The embodiment of the application discloses a specific network commodity ordering method, and as shown in fig. 3, the method may include the following steps:
step S21: acquiring user behavior data and commodity exposure data; the user behavior data includes a sequence of purchasing intentions and a sequence of historical clicks.
Step S22: acquiring commodity characteristics of commodities; the commodity characteristics comprise any one or more of commodity categories, commodity prices, commodity sales amounts and commodity praise amounts; and corresponding the commodity characteristics with the commodities in the historical click sequence to obtain the historical click sequence containing the commodity characteristics.
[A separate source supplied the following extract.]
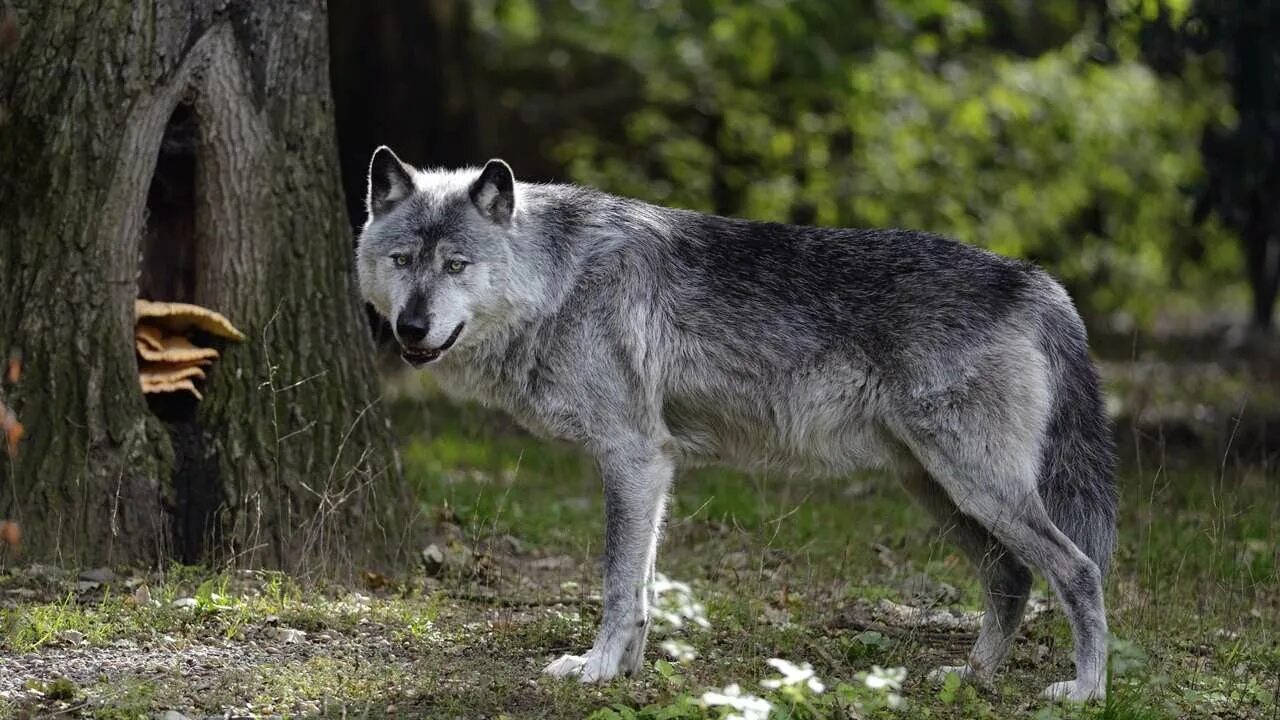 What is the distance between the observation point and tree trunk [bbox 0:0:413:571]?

In the embodiment, the commodity characteristics of the commodities can be acquired simultaneously; and then, the commodity characteristics are corresponding to the commodities in the historical click sequence to obtain the historical click sequence containing the commodity characteristics. Specifically, the commodity features may be partitioned into 8 buckets, for example, the commodity price is partitioned into 8 sections, and price sections corresponding to different commodities are marked; wherein, the boundary of the sub-barrels can be set manually; after bucket separation, encoding each type of characteristics, and constructing a special imbedding matrix of each type of characteristics to serve as supplementary information of the historical click sequence; it will be appreciated that these item characteristics are also presented in a sequence and correspond one-to-one to each item in the historical click sequence, i.e., each item in the sequence contains categories, prices, sales, and likes. Specifically, these coded signature sequences can be concatenated with the embedding expression of the historical click sequences in the last dimension.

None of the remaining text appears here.